Partindo dessa lógica, nada mais correto que a comunicação ter conselhos que garantam a participação da sociedade, o controle social e a gestão democrática para incidir nas políticas e nos serviços públicos, para o planejamento e o acompanhamento da execução destas políticas e serviços em favor da coletividade.

E de onde vem a ideia de que um conselho com participação equânime de representantes da sociedade, inclusive os empresários, pode se transformar em organismo de censura e de cerceamento da liberdade de expressão? Vem exatamente daqueles que usam da manipulação da informação para perpetuar seus privilégios e não abrem mão de continuar dominando o setor como verdadeiros senhores feudais, com a ajuda dos seus vassalos nas redações de suas empresas.

Acostumados a invariavelmente ditar as regras do jogo e a buscar impedir o avanço de qualquer discussão sobre regulamentação para o setor, usam da mesma ladainha distorcida de sempre para pregar que toda e qualquer regulamentação teria caráter de censura à imprensa e de cerceamento da livre expressão dos cidadãos.

Foi assim com o projeto que criava o Conselho Federal de Jornalismo, foi assim para garantir a derrubada da Lei de Imprensa sem que nada ficasse em seu lugar, foi assim com a regulamentação da profissão de jornalista, foi assim com a terceira versão do Programa Nacional de Direitos Humanos (PNDH-3), e assim será com toda e qualquer proposta que crie óbices aos seus interesses privados e comerciais ou que aponte para a democratização do setor de comunicação no Brasil.

Quem censura mesmo?

Interessante notar que o ponto de sustentação do debate, para essa turma, é o mesmo de sempre: a censura aos meios de comunicação.
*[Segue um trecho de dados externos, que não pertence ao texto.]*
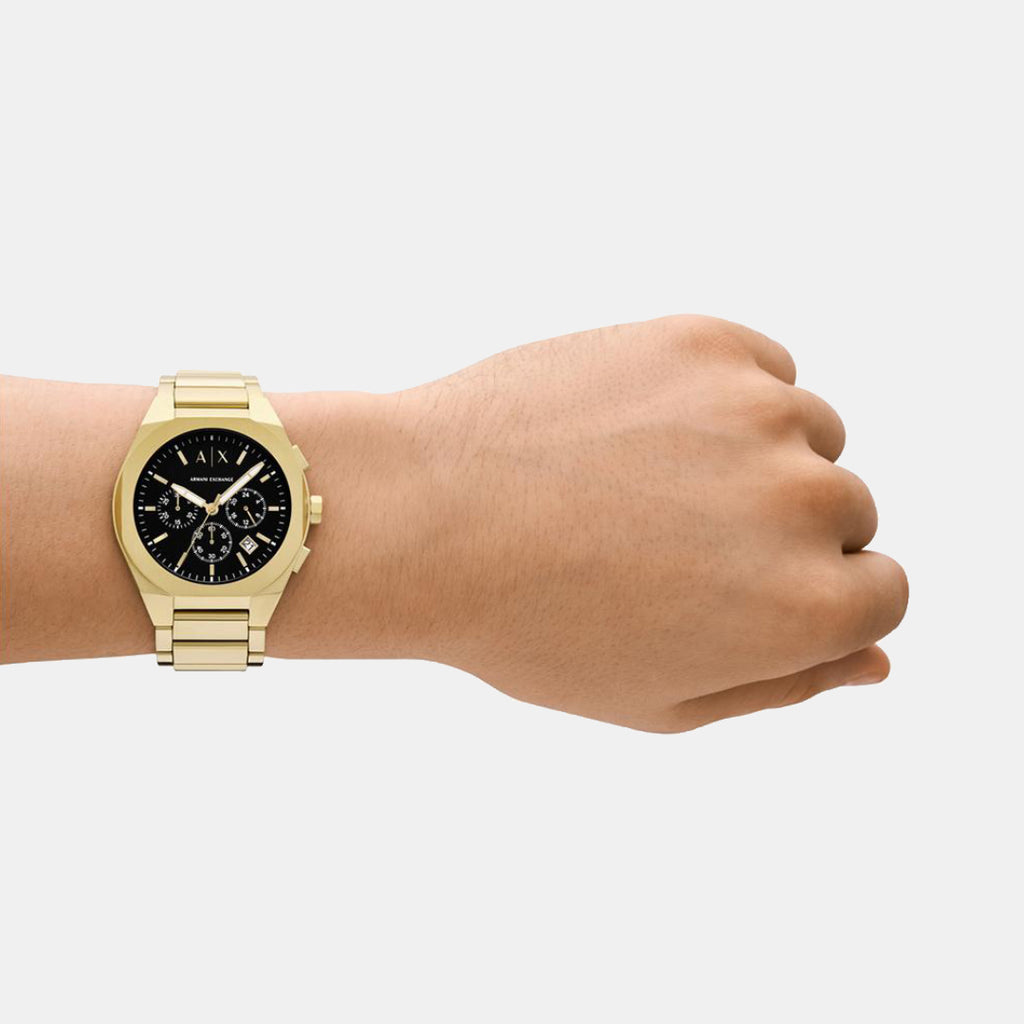 Armani Exchange Stainless Steel Round watch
Não deixa de ser cômica tal suposição. Quem tem o poder de censurar e de filtrar toda e qualquer informação dentro de um meio de comunicação, e todo mundo sabe disso, é o seu próprio dono ou seus controladores, quando não, os grandes anunciantes. São estes que ditam as regras a serem seguidas, determinam a linha editorial de um jornal, impõem suas listas de personae non gratae que não podem sair nos seus veículos – se saírem, é quase sempre em posição negativa –, criam uma autocensura nas suas redações que, se quebrada, geralmente redunda em demissão do autor de tal rebeldia. Que o digam Paulo Henrique Amorim, Rodrigo Viana, Luís Nassif, Franklin Martins, Ana Rita Kehl, só para citar alguns rebeldes “famosos”.
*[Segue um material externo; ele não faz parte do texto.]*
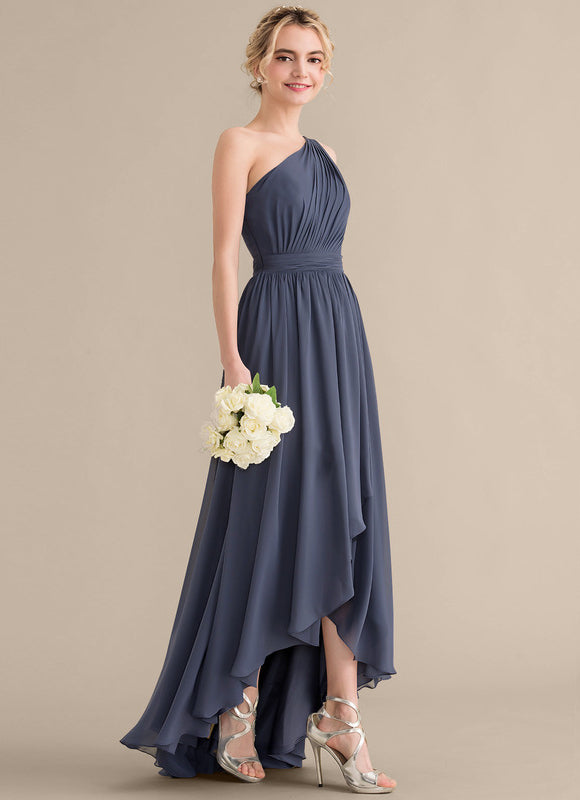 Robe Asymétrique Asymétrique Fluide - gallery 1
É interessante observar também como são tratados nos meios de comunicação as pessoas e os movimentos sociais que questionam e criticam o establishment. Todas são demonizadas, criminalizadas, a exemplo do Movimento dos Trabalhadores Sem Terra, sempre pautado, por lutar pela democratização da terra, como organismo de bandidos, terroristas, vagabundos, invasores e afins; assim como os movimentos negros, LGBTs, de mulheres, de direitos humanos, ambientalistas e tantos outros. Que espaços têm estes segmentos nos meios de comunicação para falarem sobre si mesmos de forma aberta e transparente de acordo com as suas visões de mundo e percepções da realidade cotidiana? Poucos ou quase nenhum. Isto é democrático? Onde fica a liberdade de expressão para estes grupos?
 
Dois latifúndios, a mesma realidade

Uma leitura mais aprofundada da realidade brasileira revela facilmente que dois dos maiores problemas estruturais e sociais do país se entrelaçam e se sustentam: a concentração de terras e a concentração dos meios de comunicação.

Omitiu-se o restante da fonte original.